President Obama’s newly designated national security adviser, Susan Rice, and his proposed United Nations ambassador, Samantha Power, are political loyalists. They are also known as liberal interventionists — emotionally seared by U.S. passivity during the Rwandan genocide of 1994 and advocates for military action to prevent a Libyan bloodbath in 2011. So the question arises in Washington and foreign capitals (say, Moscow, Tehran and Damascus): Is the president repaying his debts or making a foreign policy statement?

To Rice, a debt is clearly owed. Following the Benghazi attack, she was sent into talk-show battle with distorted guidance, leaving her both guiltless (in this matter) and unconfirmable as secretary of state. A White House staffer, however, serves at the president’s pleasure — and Rice has earned his confidence.

Power is only beginning to earn her elevation. She does not have a résumé that allows for a quiet, anonymous Senate confirmation. As an ­anti-­genocide activist and writer, she has made a career of inflicting discomfort on public officials. Congress may enjoy the turnabout. Power has been an opinionated, occasionally intemperate, journalist and academic who has left a long paper trail on controversial topics.

She is also a superb choice.

I first got to know Power in her role as a thorn in the side. Having criticized President Bill Clinton for dithering on ethnic cleansing in Bosnia, she had taken to criticizing President George W. Bush for dithering on atrocities in Darfur. (I presume she discovered, serving in Obama’s National Security Council, the powerful institutional bias in favor of dithering on issues such as atrocities in Syria.) [………]

Meeting her, I found something else. This was intemperance in the best of causes: protecting the innocent from violence. Her passion, sincerity and candor were impressive. She held convictions worth getting worked up over.

Power would bring some uncommon qualifications to U.S. diplomacy. She is a multilateralist who has also written extensively on the limits and failures of the United Nations. She understands the reality of evil in human affairs — the kind that fills mass graves with bodies and covers them with lime. She believes that the strong have a responsibility to protect the weak. She is outraged at outrageous things. [………]

During her hearings, Power will be called upon to explain some past statements — contemplating absurd hypotheticals or engaging in partisan excess — that the nominee herself has called “weird” and evidence of “stupidity.” I suspect that the Senate Foreign Relations Committee will find her blunt assumption of responsibility for past errors unusual and disarming.

The more important question: Will the appointment of Power and Rice influence the direction of Obama’s foreign policy, which has generally resisted intervention and the assumption of new burdens?

Apart from Syria, it is likely to make a large difference. A number of issues will gain sponsorship at the highest level of government: fighting human trafficking, going after war criminals such as Joseph Kony, anti-atrocity efforts in other regions.  […….]

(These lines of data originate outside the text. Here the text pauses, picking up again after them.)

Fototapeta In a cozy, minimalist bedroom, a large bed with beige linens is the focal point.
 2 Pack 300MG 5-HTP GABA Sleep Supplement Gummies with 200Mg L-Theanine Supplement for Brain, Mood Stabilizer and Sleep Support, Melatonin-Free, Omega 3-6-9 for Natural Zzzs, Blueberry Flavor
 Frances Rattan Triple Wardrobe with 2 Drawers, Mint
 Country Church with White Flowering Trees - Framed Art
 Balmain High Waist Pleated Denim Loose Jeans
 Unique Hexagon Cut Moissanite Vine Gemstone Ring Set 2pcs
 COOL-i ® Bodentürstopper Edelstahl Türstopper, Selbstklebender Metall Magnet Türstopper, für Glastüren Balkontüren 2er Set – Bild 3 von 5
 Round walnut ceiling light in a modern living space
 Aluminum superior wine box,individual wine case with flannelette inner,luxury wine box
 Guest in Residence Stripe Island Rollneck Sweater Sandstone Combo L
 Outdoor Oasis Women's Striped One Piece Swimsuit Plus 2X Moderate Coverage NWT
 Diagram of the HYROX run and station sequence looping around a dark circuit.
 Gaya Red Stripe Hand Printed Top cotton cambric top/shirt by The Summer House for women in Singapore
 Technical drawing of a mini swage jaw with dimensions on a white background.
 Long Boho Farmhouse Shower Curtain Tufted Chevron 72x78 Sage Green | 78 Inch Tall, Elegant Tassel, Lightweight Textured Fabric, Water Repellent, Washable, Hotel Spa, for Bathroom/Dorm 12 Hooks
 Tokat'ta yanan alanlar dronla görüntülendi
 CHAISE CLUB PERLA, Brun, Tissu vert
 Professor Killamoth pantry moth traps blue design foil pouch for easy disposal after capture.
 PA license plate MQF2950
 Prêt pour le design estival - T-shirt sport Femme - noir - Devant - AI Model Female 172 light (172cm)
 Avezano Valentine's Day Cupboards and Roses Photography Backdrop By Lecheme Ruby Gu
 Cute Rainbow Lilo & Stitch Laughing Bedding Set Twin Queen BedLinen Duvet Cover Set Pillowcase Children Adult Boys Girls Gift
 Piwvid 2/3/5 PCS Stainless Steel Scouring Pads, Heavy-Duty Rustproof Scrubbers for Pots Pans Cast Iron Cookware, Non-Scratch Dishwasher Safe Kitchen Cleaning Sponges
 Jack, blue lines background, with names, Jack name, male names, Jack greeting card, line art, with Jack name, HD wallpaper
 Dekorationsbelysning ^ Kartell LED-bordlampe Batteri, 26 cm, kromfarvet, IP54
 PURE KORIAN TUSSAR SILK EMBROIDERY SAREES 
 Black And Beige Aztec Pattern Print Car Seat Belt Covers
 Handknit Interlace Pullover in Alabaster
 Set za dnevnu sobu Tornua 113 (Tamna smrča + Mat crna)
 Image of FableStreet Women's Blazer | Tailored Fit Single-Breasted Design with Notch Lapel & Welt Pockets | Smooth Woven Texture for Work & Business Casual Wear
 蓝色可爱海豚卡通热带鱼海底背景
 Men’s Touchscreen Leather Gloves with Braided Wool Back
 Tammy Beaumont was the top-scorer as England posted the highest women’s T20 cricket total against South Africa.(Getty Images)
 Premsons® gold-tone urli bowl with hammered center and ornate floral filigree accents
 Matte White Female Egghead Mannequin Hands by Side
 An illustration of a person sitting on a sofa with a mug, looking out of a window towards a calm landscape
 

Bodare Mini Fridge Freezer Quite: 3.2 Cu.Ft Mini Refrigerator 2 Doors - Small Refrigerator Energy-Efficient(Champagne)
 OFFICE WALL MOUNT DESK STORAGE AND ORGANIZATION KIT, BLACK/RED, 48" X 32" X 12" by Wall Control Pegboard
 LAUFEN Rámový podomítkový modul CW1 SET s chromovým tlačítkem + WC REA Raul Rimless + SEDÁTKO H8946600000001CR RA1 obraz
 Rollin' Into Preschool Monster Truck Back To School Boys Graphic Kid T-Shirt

On Syria, the options are flawed and the president is hesitant. But it is absurd to think that personnel is irrelevant to policy. Large, immediate shifts are not likely. But moving forward, each incremental choice will be influenced by a team of advisers — including Rice, Power and Secretary of State John Kerry — who are predisposed toward greater support for the responsible Syrian opposition. And if worst comes to worst — as it tends to in Syria — there will be people in the room arguing to prevent mass atrocities. The president, of course, can ignore their counsel — and then spend his retirement explaining why.

[……….]

This points to a role that Power is well-qualified to play. If she spends the next three years trying to make the United Nations work as a model institution, it will be frustrating and useless. If she spends the next three years calling attention to the moral and human consequences of collective decisions, it could make all the difference in the world.